The most important works by Koolhaas and OMA, from its foundation until the mid-1990s, include the Netherlands Dance Theatre at The Hague, the Nexus Housing at Fukuoka in Japan, the Kunsthal in Rotterdam, the Grand Palais of Euralille and Lille, the Villa dall’Ava, the Très Grande Bibliothèque, the Jussieu library in Paris, the ZKM in Karlsruhe and the Seattle Public Library.

Together with Koolhaas’s reflections on contemporary society, these buildings appear in his second book, S,M,L,XL (1995), a volume of 1376 pages written as though it were a “novel about architecture”. Published in collaboration with the Canadian graphic designer, Bruce Mau, the book contains essays, manifestos, cartoons and travel diaries.

In 2005, with Mark Wigley and Ole Bouman, he was the founder to the prestigious Volume magazine, the result of a collaboration with Archis (Amsterdam), AMO and C-lab (Columbia University NY).

His built work includes the Qatar National Library and the Qatar Foundation Headquarters (2018), Fondation Galeries Lafayette in Paris (2018), Fondazione Prada in Milan (2015/2018), Garage Museum of Contemporary Art in Moscow (2015), the headquarters for China Central Television (CCTV) in Beijing (2012), Casa da Musica in Porto (2005), Seattle Central Library (2004), and the Netherlands Embassy in Berlin (2003). Current projects include the Taipei Performing Arts Centre, a new building for Axel Springer in Berlin, and the Factory in Manchester.

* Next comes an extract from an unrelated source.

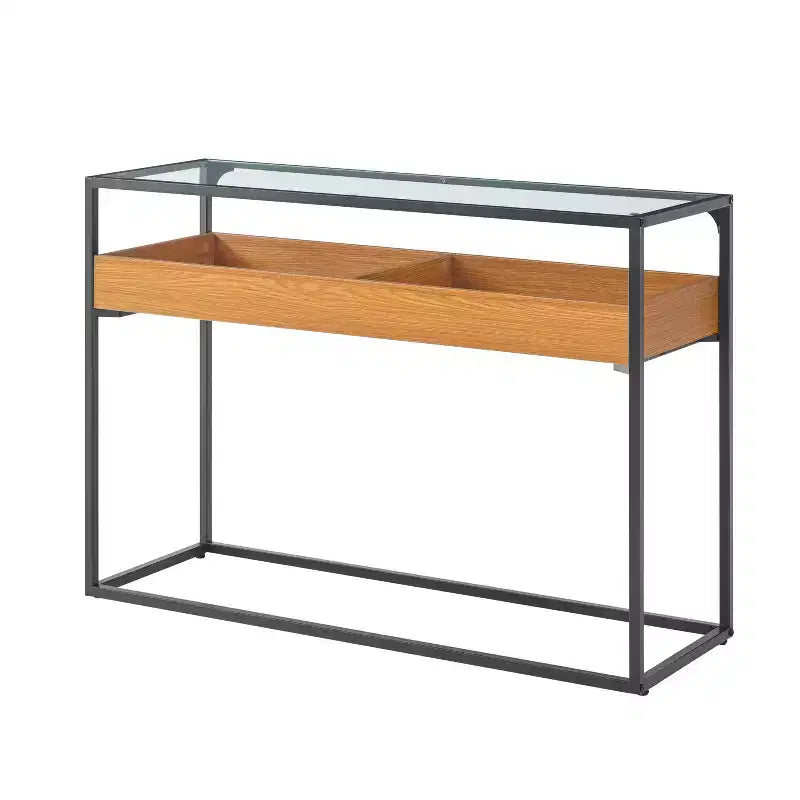 Console avec plateau en verre en chêne doré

Koolhaas directed the 2014 Venice Architecture Biennale and is a professor at Harvard University, where he directs The Project on the City, a research programme on changes in urban conditions around the world. This programme has conducted research on the delta of the Pearl River in China (entitled Great Leap Forward) and on consumer society (The Harvard Design School Guide to Shopping). Taschen Verlag has published the results. Now is preparing a major exhibition for the Guggenheim museum to open in 2019 entitled Countryside: Future of the World.

Among the awards he has won in recent years, we mention here the prestigious Pritzker Architecture Prize (2000), the Praemium Imperiale (2003), the Royal Gold Medal (2004) and the Mies Van Der Rohe prize (2005). In 2008, Time mentioned him among the 100 most influential people of the planet.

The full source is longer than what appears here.